SK Hynix Surges as AI Memory Demand Fuels Chip Market
SK Hynix’s stock jumped by 12% recently, driven by a surge in demand for memory chips used in AI systems. The South Korean company, known for its high-bandwidth memory (HBM), saw its shares hit nearly $970, making it the second-most valuable company on the KOSPI index. This rise comes amid a wave of big tech companies increasing their investments in AI infrastructure, which heavily relies on advanced memory solutions.
Why Memory Chips Are Now More Important Than Ever
In the world of AI and high-performance computing, memory chips are becoming the new bottleneck. Traditionally, graphics processors were considered the most expensive part of AI servers, but lately, it’s been the memory modules sitting next to them. Over the past year and a half, the market has recognized how critical high-bandwidth memory (HBM) is for AI workloads.
SK Hynix supplies a majority share of the global HBM market, holding an estimated 57% by late 2025. This concentration means the company’s fortunes are closely tied to the growth of AI infrastructure. With record-breaking earnings in the first quarter and margins surpassing 70%, SK Hynix’s profitability is riding high on this demand. However, this market is also facing some supply challenges that could impact future growth.
Supply Constraints and Long-Term Contracts
HBM is a specialized type of memory that is stacked in 3D packages, designed to deliver massive bandwidth to GPUs used in AI training and inference. Producing it is complex, requiring advanced packaging techniques that companies like Samsung and Micron are still scaling up. As a result, supply is lagging behind demand, pushing prices higher.
Both Samsung and SK Hynix have increased HBM3E prices by about 20% for 2026. Large cloud providers and AI hardware makers are booking supply years in advance through long-term agreements, effectively reserving output well ahead of time. Some industry leaders even predict that chip shortages could persist into 2027 or beyond, possibly until 2030, due to these supply constraints.
This situation means that in 2026, there are two types of memory: one that anyone can buy and another essential for AI projects, which is in tight supply. SK Hynix is firmly in the latter category, supplying memory that many AI companies rely on to build their infrastructure.
Despite SK Hynix’s current success, some analysts warn about risks. The company’s valuation is high, and much of its revenue depends on a single product cycle. If hyperscalers slow down their investments or if new AI architectures reduce the need for high-bandwidth memory, the company’s profits could decline. Additionally, some tech companies are questioning whether the current level of AI investment will continue to generate the returns needed to justify such large capital expenditures.

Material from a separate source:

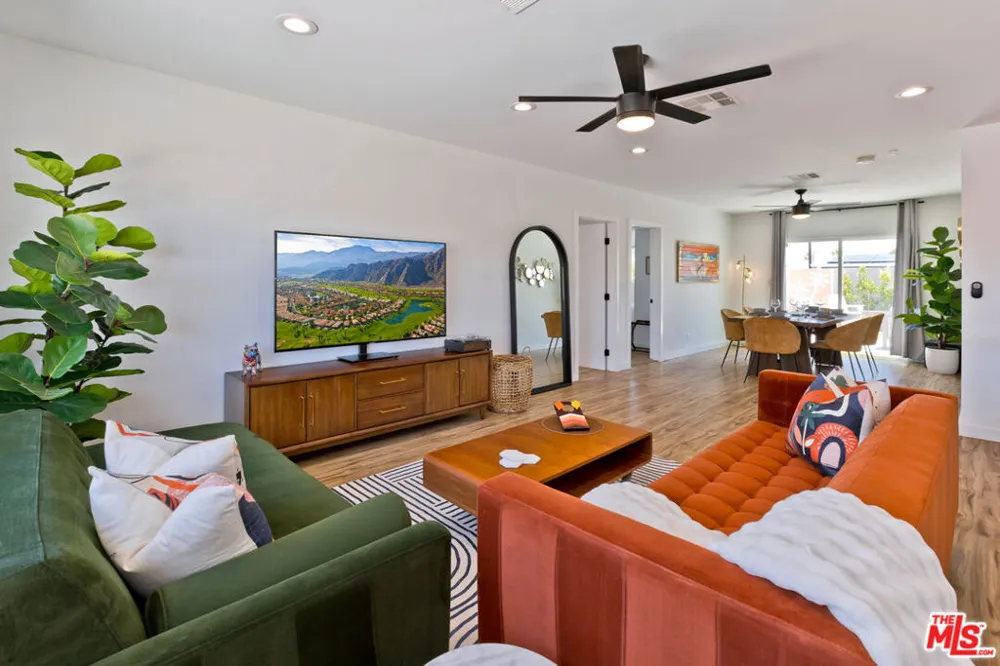 375 W Sunview Avenue Palm Springs, CA 92262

For instance, Meta has reported record AI spending but is also cutting thousands of jobs as it restructures, highlighting some uncertainty about the sustainability of current growth rates. Nonetheless, investors are still confident in the near-term demand for memory chips, as evidenced by SK Hynix’s recent stock rally. This move is seen more as a gauge of market confidence in ongoing AI infrastructure expansion rather than a prediction of future market conditions.